## ASSIGNMENT:
Below are the records; repeat exactly their lines between the line holding "Audi Q3 2.0TDI" and the line holding "Men's TRU-SPEC Poly", inclusive, skipping the pictures.

## PROVIDED DATA:
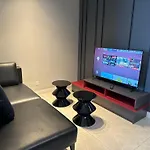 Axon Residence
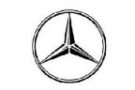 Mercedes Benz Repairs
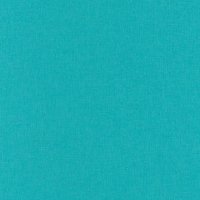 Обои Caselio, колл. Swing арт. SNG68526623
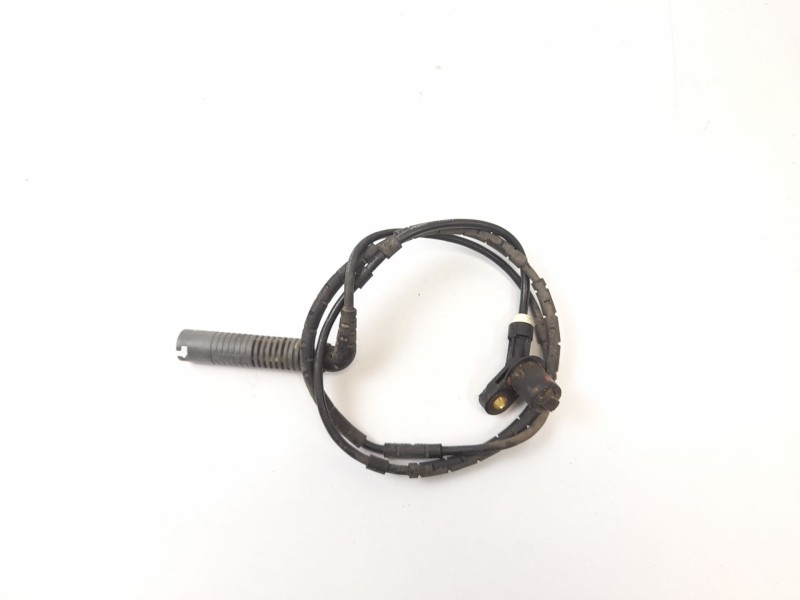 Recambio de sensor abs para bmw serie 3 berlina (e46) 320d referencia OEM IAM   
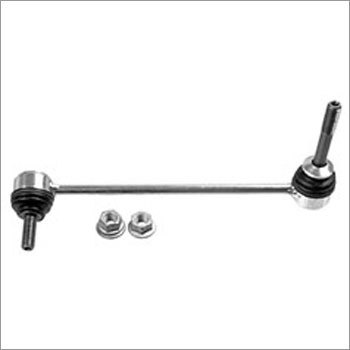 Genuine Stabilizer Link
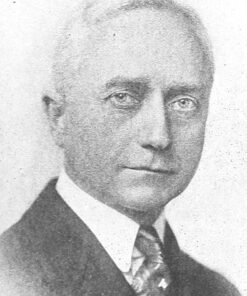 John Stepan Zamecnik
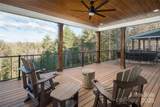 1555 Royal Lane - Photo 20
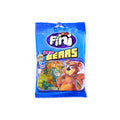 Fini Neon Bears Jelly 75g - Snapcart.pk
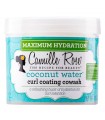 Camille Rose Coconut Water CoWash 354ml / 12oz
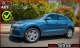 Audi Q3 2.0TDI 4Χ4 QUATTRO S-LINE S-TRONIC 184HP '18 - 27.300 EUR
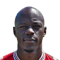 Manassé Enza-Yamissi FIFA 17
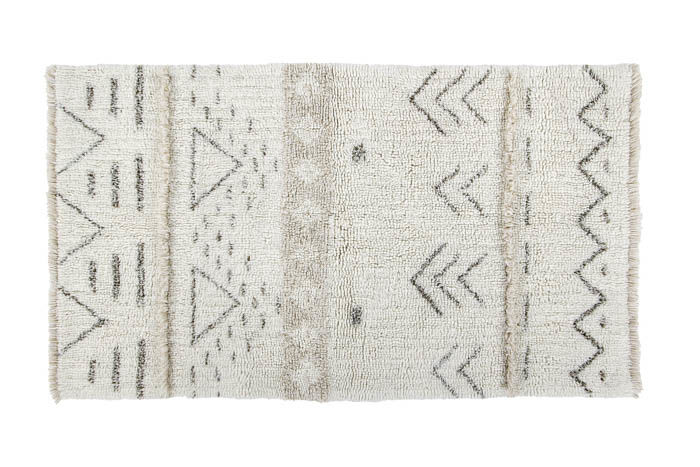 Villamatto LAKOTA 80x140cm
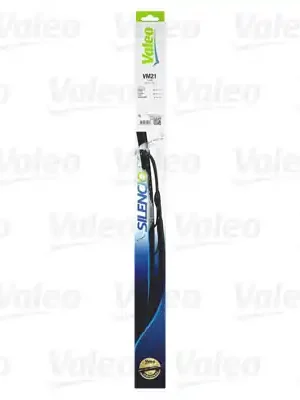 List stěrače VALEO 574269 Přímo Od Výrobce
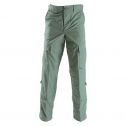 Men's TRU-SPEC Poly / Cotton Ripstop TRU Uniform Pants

==

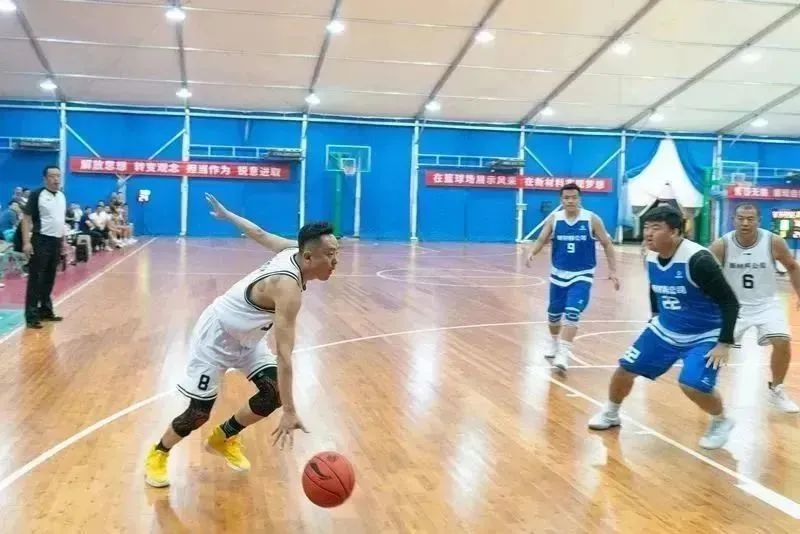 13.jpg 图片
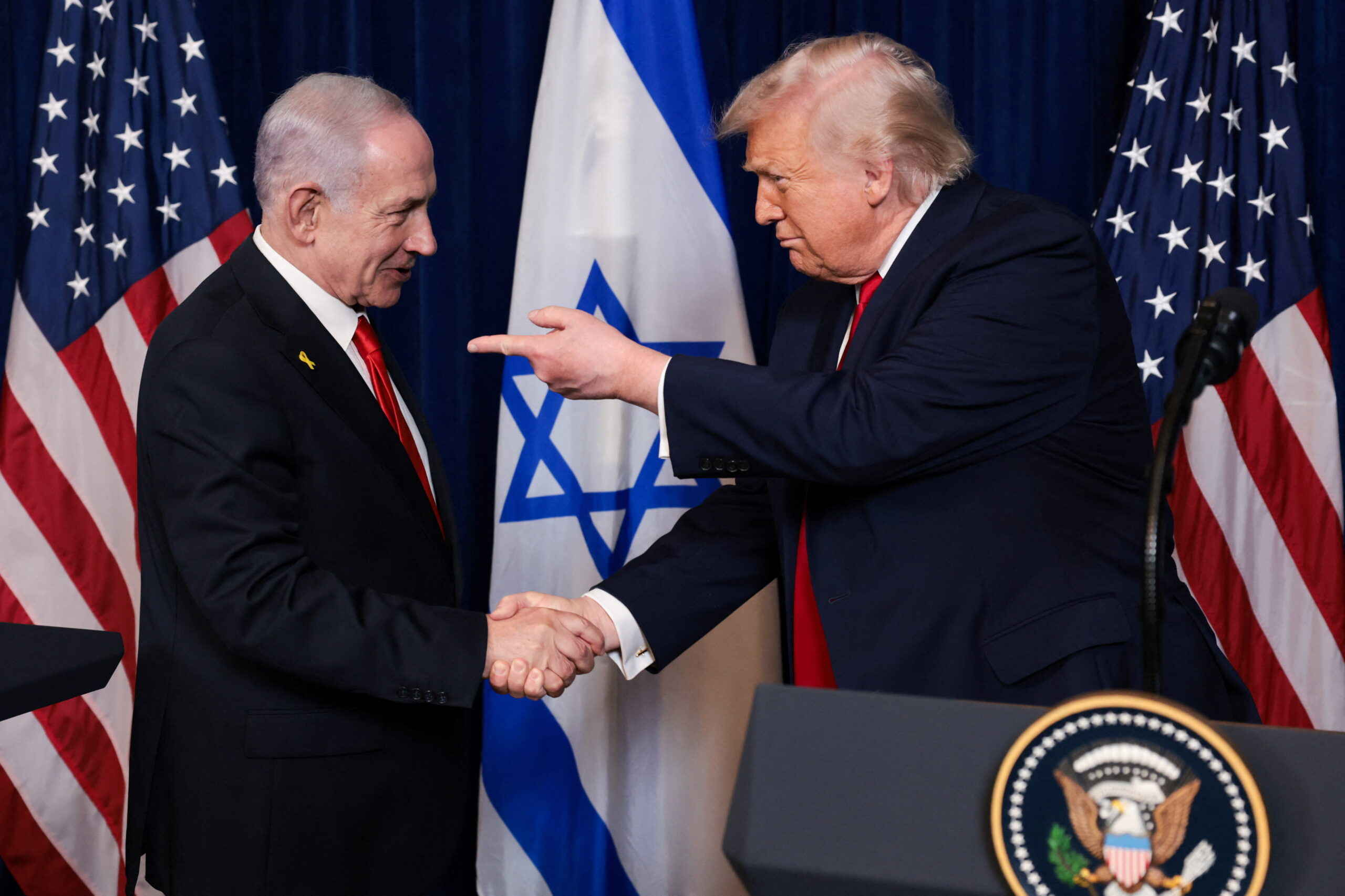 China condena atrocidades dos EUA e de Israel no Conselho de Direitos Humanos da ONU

...

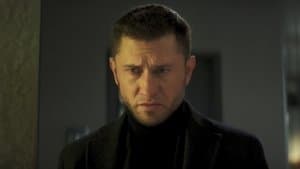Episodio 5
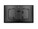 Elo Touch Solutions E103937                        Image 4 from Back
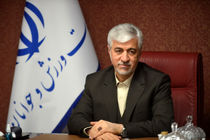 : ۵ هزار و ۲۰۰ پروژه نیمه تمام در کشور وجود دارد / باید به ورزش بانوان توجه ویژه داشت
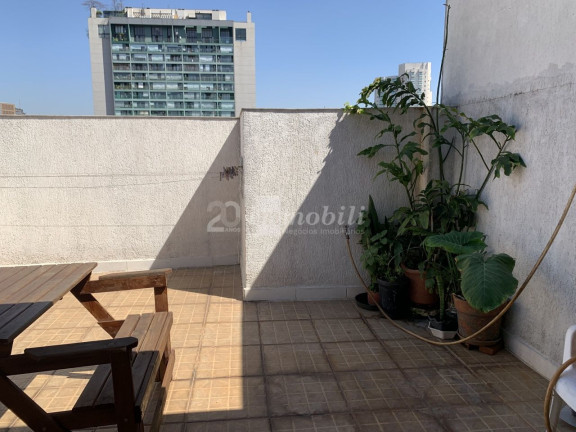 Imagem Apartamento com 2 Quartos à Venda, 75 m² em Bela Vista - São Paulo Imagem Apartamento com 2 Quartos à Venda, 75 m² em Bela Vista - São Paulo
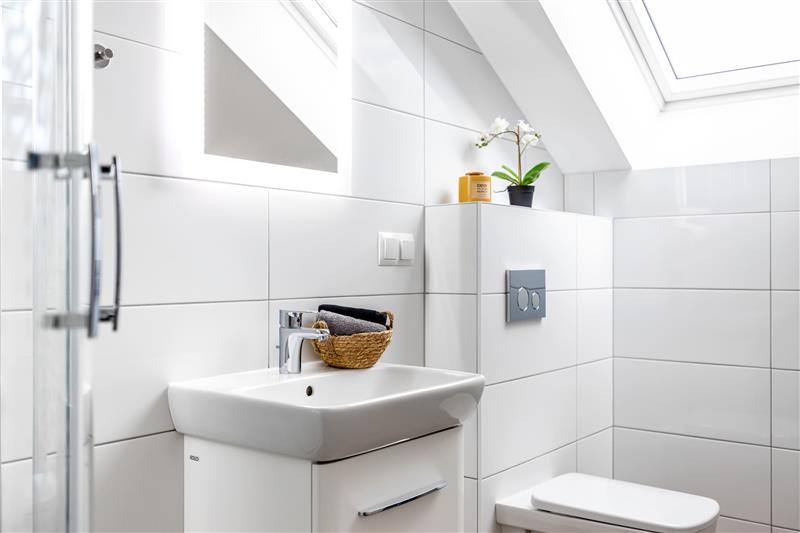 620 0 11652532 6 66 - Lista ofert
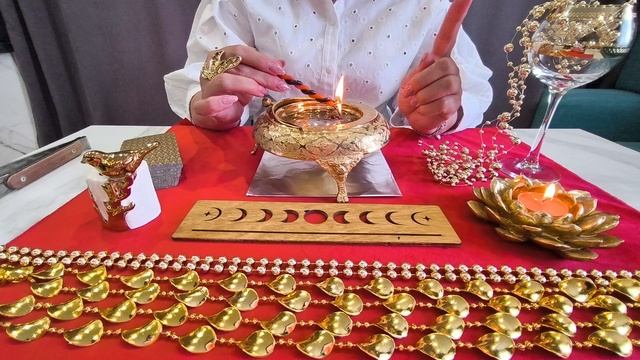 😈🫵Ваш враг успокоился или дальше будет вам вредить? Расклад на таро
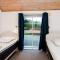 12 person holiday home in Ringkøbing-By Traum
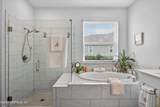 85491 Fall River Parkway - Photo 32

## TASK OUTPUT:
 Audi Q3 2.0TDI 4Χ4 QUATTRO S-LINE S-TRONIC 184HP '18 - 27.300 EUR
 Manassé Enza-Yamissi FIFA 17
 Villamatto LAKOTA 80x140cm
 List stěrače VALEO 574269 Přímo Od Výrobce
 Men's TRU-SPEC Poly / Cotton Ripstop TRU Uniform Pants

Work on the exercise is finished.